(Excerpts from a dataset)
::::
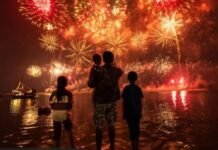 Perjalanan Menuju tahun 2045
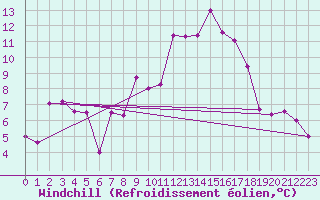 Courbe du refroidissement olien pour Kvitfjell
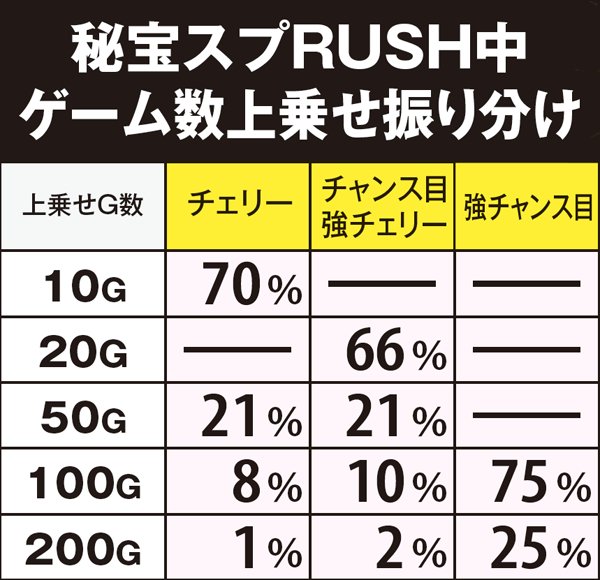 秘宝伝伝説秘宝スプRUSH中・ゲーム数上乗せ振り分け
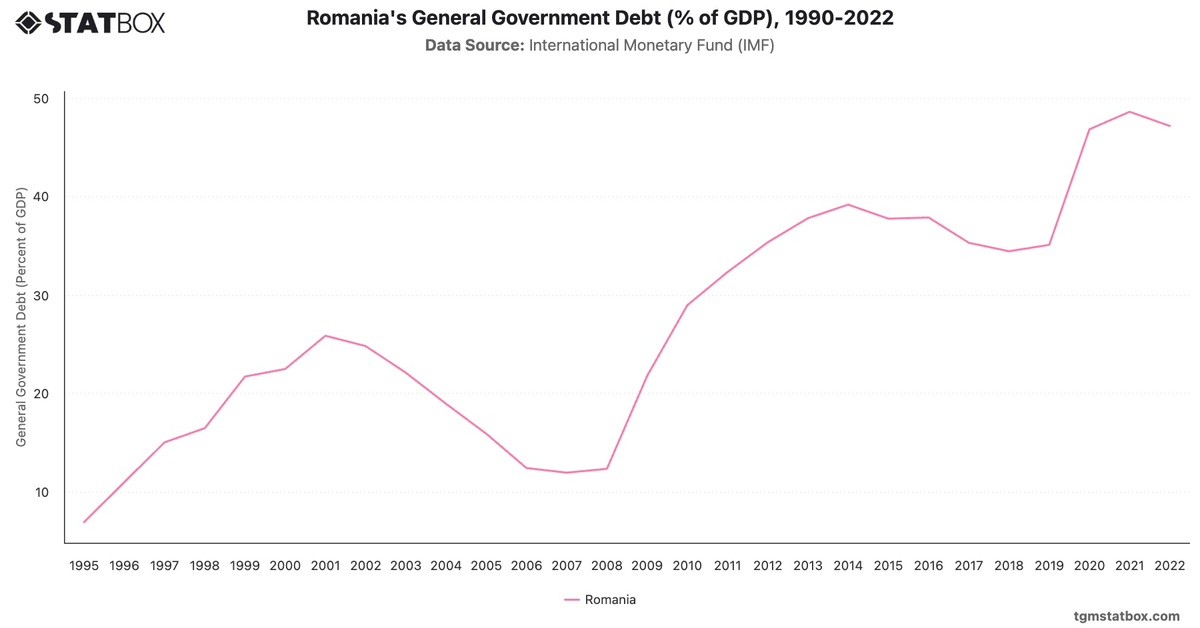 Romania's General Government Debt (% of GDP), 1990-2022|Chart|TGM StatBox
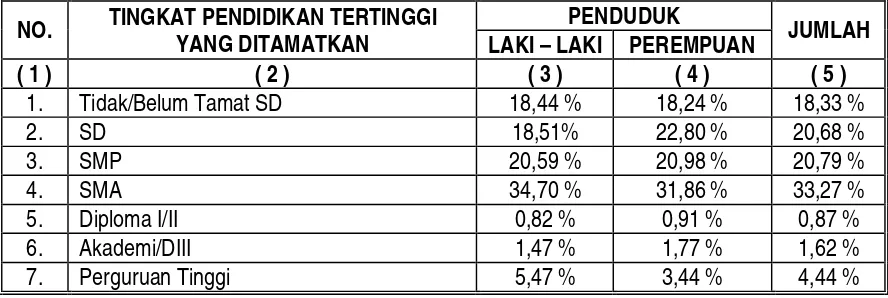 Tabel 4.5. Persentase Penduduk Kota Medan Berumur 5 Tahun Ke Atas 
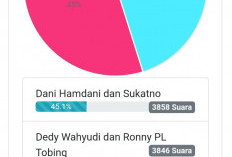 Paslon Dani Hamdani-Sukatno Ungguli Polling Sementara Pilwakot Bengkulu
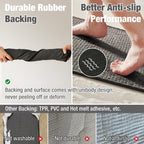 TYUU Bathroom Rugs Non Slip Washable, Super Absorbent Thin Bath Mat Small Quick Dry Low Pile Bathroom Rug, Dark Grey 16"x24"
::::
# Assignment
Copy the lines of the records, beginning where the line containing "秘宝伝伝説秘宝スプRUSH中・ゲーム数上乗せ振り分け" appears and continuing through the final line, exactly and with no pictures.

# Answer below
 秘宝伝伝説秘宝スプRUSH中・ゲーム数上乗せ振り分け
 Romania's General Government Debt (% of GDP), 1990-2022|Chart|TGM StatBox
 Tabel 4.5. Persentase Penduduk Kota Medan Berumur 5 Tahun Ke Atas 
 Paslon Dani Hamdani-Sukatno Ungguli Polling Sementara Pilwakot Bengkulu
 TYUU Bathroom Rugs Non Slip Washable, Super Absorbent Thin Bath Mat Small Quick Dry Low Pile Bathroom Rug, Dark Grey 16"x24"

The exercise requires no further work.